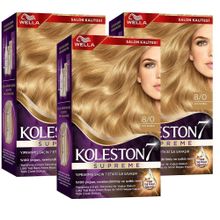 Wella Koleston Kalıcı 8/0 3 Adet Krem Saç Boyası + Saç Boyama Seti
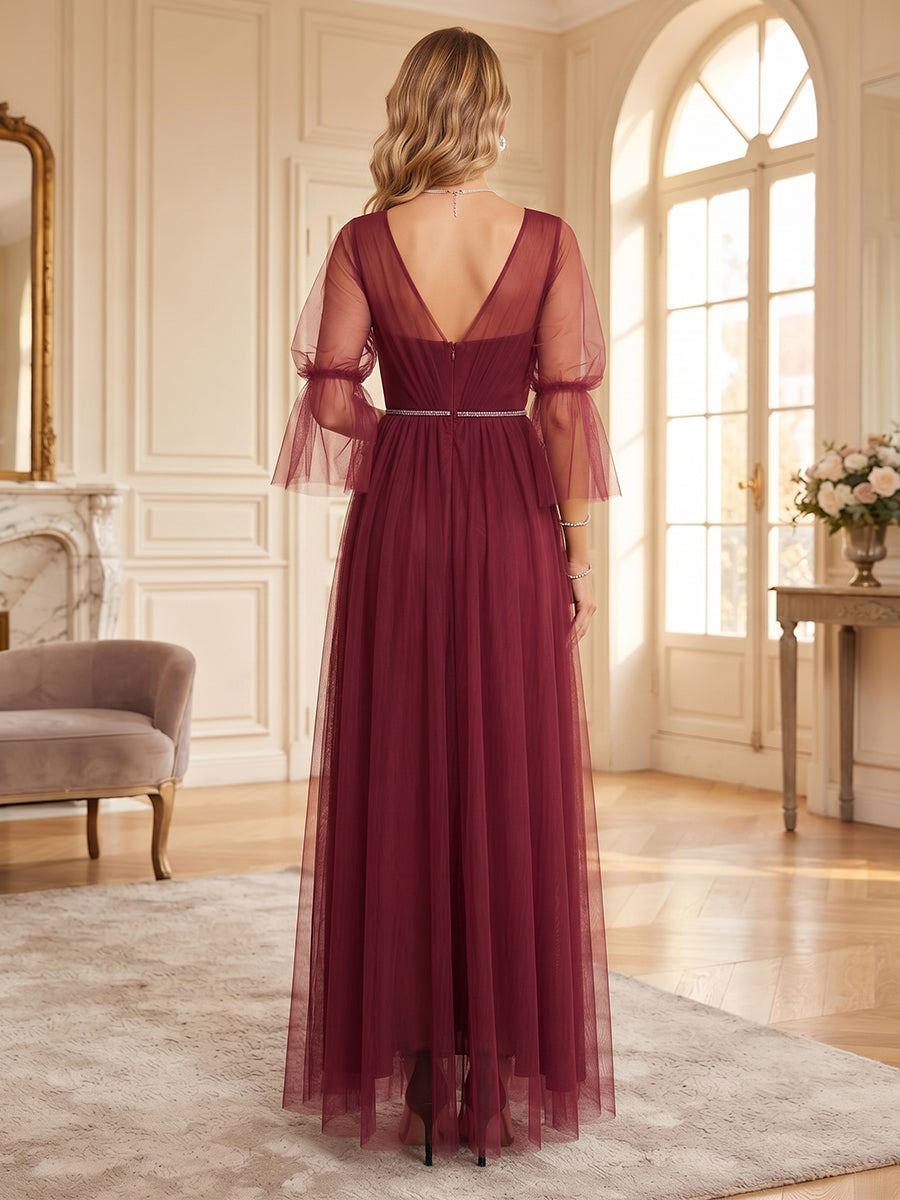 A-Line/Princess V-Neck 3/4 Sleeves Tulle Floor-Length Bridesmaid Dresses with Belt & Split Side
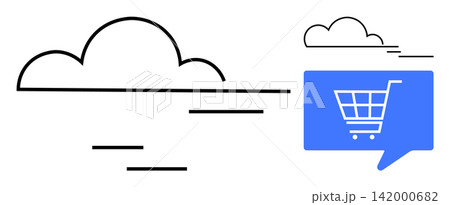 E-commerce solutions, data storage, cloud services, digital shopping, online retail, internet transactions. Blue shopping cart symbol within a cloud graphic. E-commerce and data storage concept E-commerce solutions, data storage, cloud services, digital shopping, online retail, internet transactions. Blue shopping cart symbol within a cloud graphic. E-commerce and data storage concept 142000682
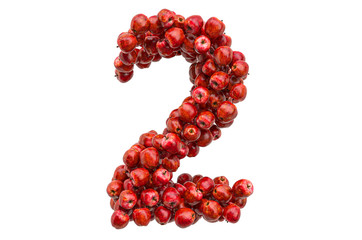 Number 2 from red apples, 3D rendering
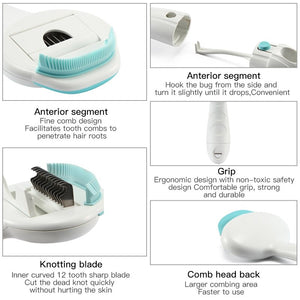 3 in 1 Dense Tooth Comb Dog Cat Hair Shedding Brush Pet Hair Remover Grooming Knot Tool Hair Lice Removal for Puppy Random Color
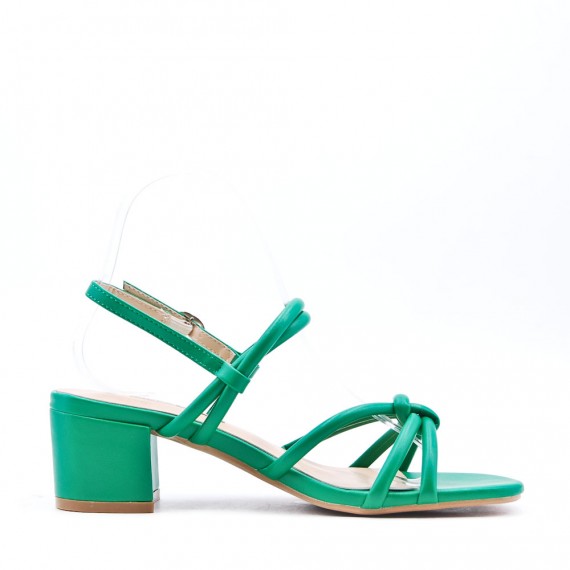 Faux leather heeled sandal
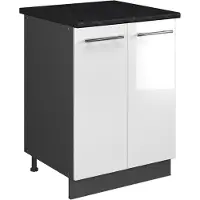 Vicco Wastafelkast Fame-Line, Wit Hoogglans/Antraciet, 60 cm
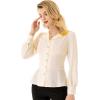 imageGRACE KARIN Womens Long Sleeve Tops Business Casual Dressy Button Down Peplum Blouses Fall Collared Work Elegant ShirtIvory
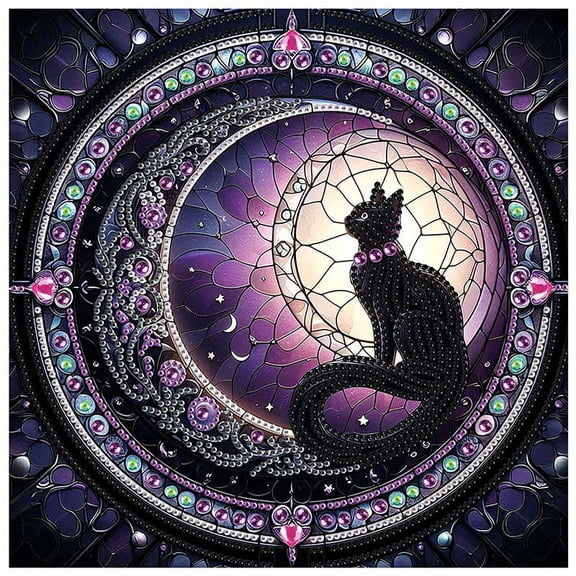 5D DIY Diamond Painting Kit, Moonlight Cat Special Diamond DIY Art Kit for Adults for Home Decoration and Gift Selection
=====
[EXERCISE]:
Starting with the line that holds "3 in 1 Dense", reproduce exactly each line up to and including the last line of the material above, and drop the pictures.

[OUTPUT]:
 3 in 1 Dense Tooth Comb Dog Cat Hair Shedding Brush Pet Hair Remover Grooming Knot Tool Hair Lice Removal for Puppy Random Color
 Faux leather heeled sandal
 Vicco Wastafelkast Fame-Line, Wit Hoogglans/Antraciet, 60 cm
 imageGRACE KARIN Womens Long Sleeve Tops Business Casual Dressy Button Down Peplum Blouses Fall Collared Work Elegant ShirtIvory
 5D DIY Diamond Painting Kit, Moonlight Cat Special Diamond DIY Art Kit for Adults for Home Decoration and Gift Selection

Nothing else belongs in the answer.